Well, my father wouldn’t allow a TV in the house, and he read to me as a child instead. A rather sensitive, fey only child, I remember the John Carter of Mars series by Edgar Rice Burroughs vividly and assume I owe a lot of my aesthetic to the alien space princesses by Frazetta on the book covers. My father had a big library, so over the years I picked through a lot of it. I resented the TV thing at the time but of course see the benefits now … I don’t know if as a parent I would have had the strength to be that severe. I doubt it. I remember reading everything by Ayn Rand in my early teens—perfect for fierce adolescent idealism.

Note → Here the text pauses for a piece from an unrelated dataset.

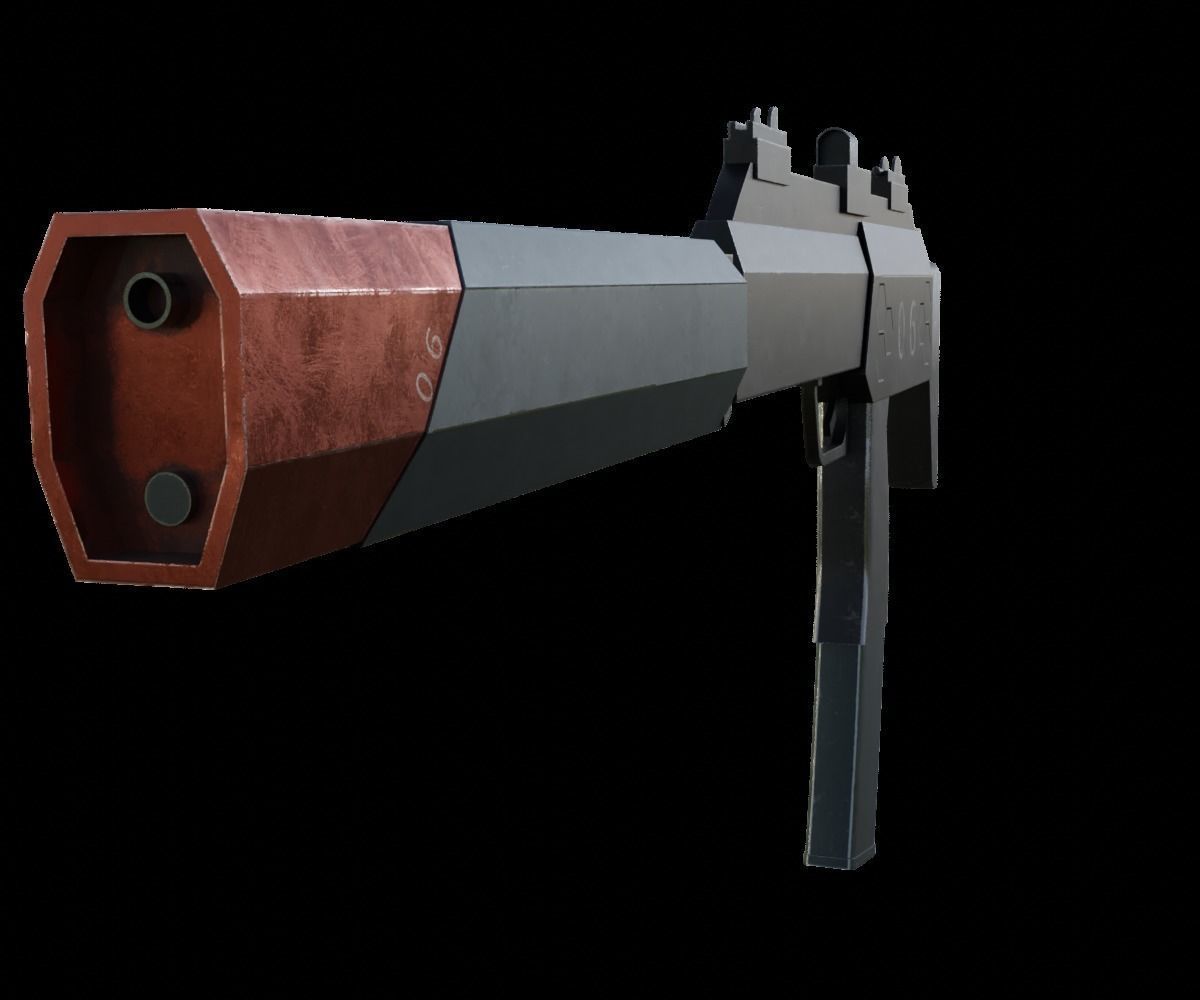 Sci-fi gun Low-poly 3D model_2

What did your father do for a living? And why did he have such a large book collection?

My father was a social worker who interviewed applicants for welfare benefits to determine if they qualified. He was an only child raised in the Depression who indulged in a book and music collection when he was finally able to.

Is your father’s literary influence the reason you’ve included a collection of books for sale in your Soho store? Are there books in all your stores?

There’s a similar selection in all the stores—I shop for them myself. For better or worse, I wanted to create my own world in the stores, and the book and DVD selections help complete the total picture. The big picture is important to me. I want people to know and feel that it’s a very personal expression they’re experiencing. Not a committee or team decision.

You’re originally from Porterville, California, a town near Bakersfield, which, as a native southern Californian myself, strikes me as dusty, flat, and unglamorous. How did you go from there to where you are now?

Since we lived in a small, very conservative town, I clung to the exoticism and sophistication of the French stuff—Pierre Loti, Proust, Huysmans, de Sade … I never even had the imagination to dream that I would someday live in the same neighborhood as Montesquiou had.

Were your schoolteachers impressed by your precociousness?

Impressed or repelled. Sometimes it blurred.

Your store carries the autobiography of poet Edith Sitwell, who writes of “black capes and black Andalusian hats” and was once described by Evelyn Waugh as “swathed in black like a sixteenth-century infanta.” To what extent are your fashion designs influenced by literature?

I can’t think of a specific example of being inspired regarding fashion, except for my having gone to Catholic school; I think I see the influence of all those saints dragging their robes through dusty temples, focused on spiritual purity. I’m not spiritual at all but love the romance of longing for and working toward it.

Describe your reading habits.

I’m kind of stuck in the past. After years of frustration and sweat in trying to survive as a designer, once I got going, it was like stepping onto a freight train. I haven’t had the focus to sit and really read in years. I keep buying books and putting them on the shelves for “later.” I can only absorb soft things like biographies—Eileen Grey, Albert Speers, and Sarah Barnhart being the most recent … and I skim a lot. I’m not complaining. I had wonderful years to read and now I have the opportunity to act and express, and I’m taking full advantage of the moment. I hope that when it’s over I’ll be able to slow down and enjoy the library I’m building and maybe re-enjoy the library I’ll inherit from my father.